[Information shown — start]

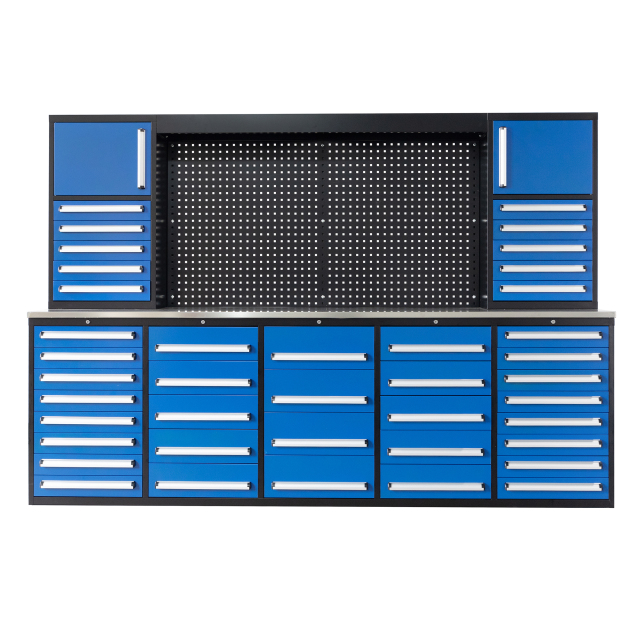 SELA Industrial 10FT-40D-3 Workbench Cabinet Combo With Pegboard, 40 Drawers & 2 Cabinets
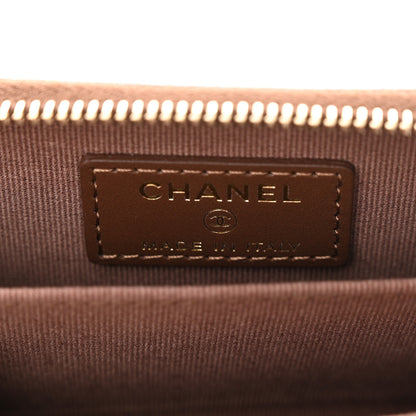 Chanel Caviar Quilted Boy Zip Around Coin Purse Wallet Brown 6 of 7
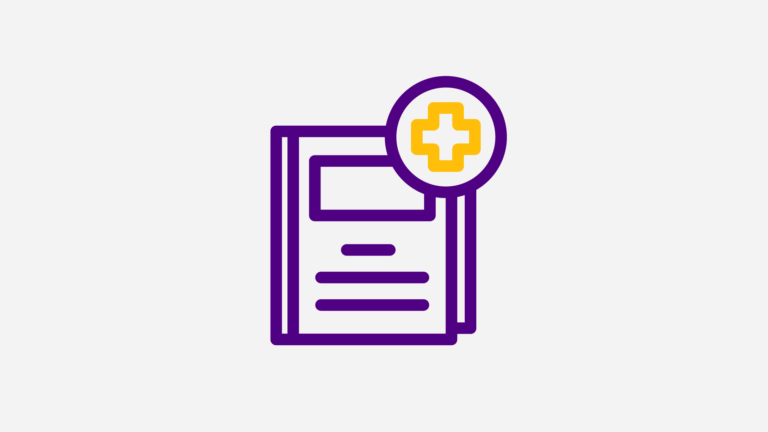 icon showing a book overlaid by a healthcare symbol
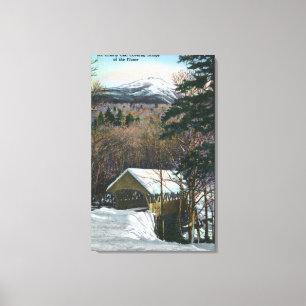 Dekte brug aan de Flume in Winter Canvas Afdruk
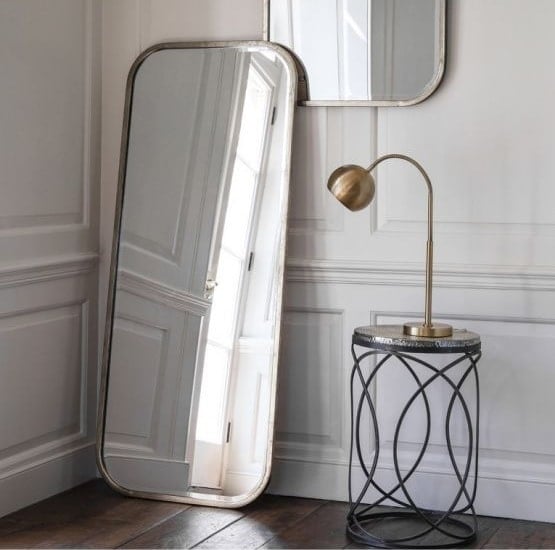 Malcolm Leaner Rectangular Floor Mirror With Metal Frame Furniture in
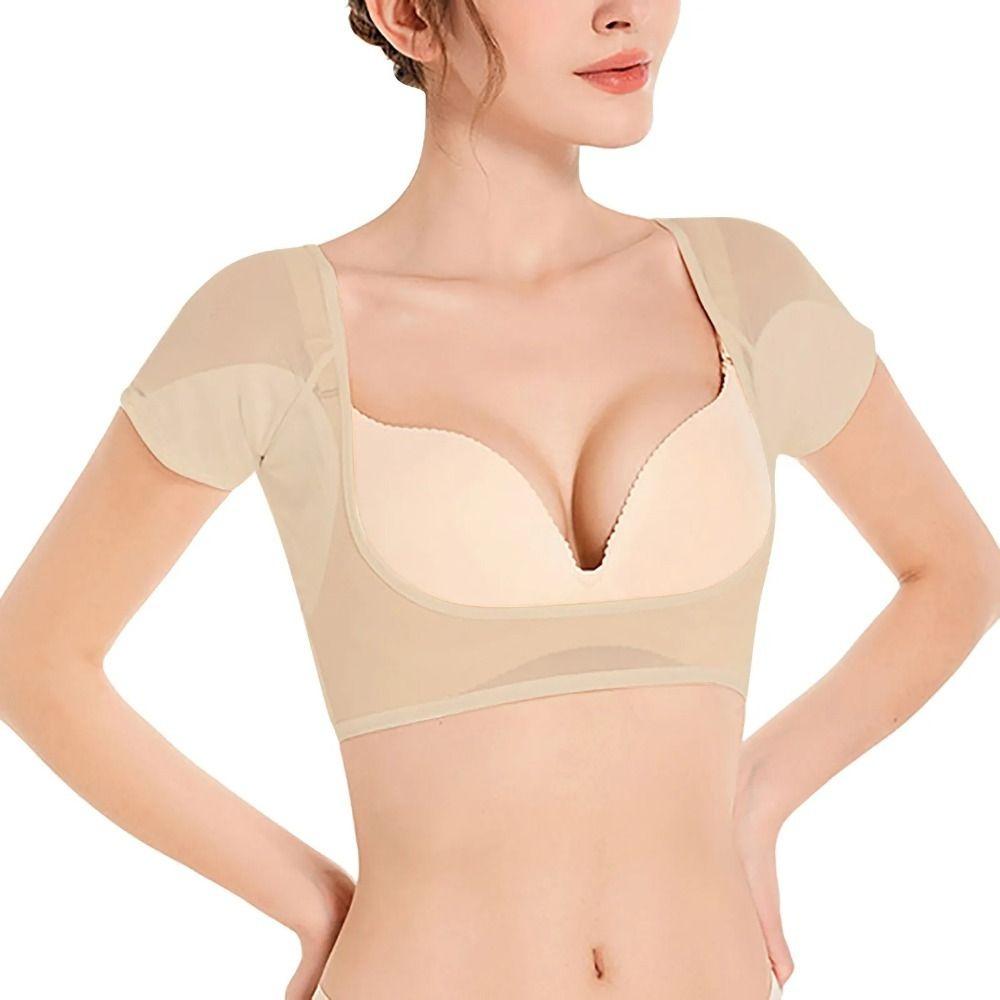 New Breathable Sweat Wicking Vest Mesh Sweat Proof Mesh Sweat-absorbing Vest Slimming Washable Underarm Cotton Wicking Pad Women L бежевый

[Information shown — finish]

- **Task goal**: When you print the records above, keep them exact and leave out the pictures.

- **The answer**:
 SELA Industrial 10FT-40D-3 Workbench Cabinet Combo With Pegboard, 40 Drawers & 2 Cabinets
 Chanel Caviar Quilted Boy Zip Around Coin Purse Wallet Brown 6 of 7
 icon showing a book overlaid by a healthcare symbol
 Dekte brug aan de Flume in Winter Canvas Afdruk
 Malcolm Leaner Rectangular Floor Mirror With Metal Frame Furniture in
 New Breathable Sweat Wicking Vest Mesh Sweat Proof Mesh Sweat-absorbing Vest Slimming Washable Underarm Cotton Wicking Pad Women L бежевый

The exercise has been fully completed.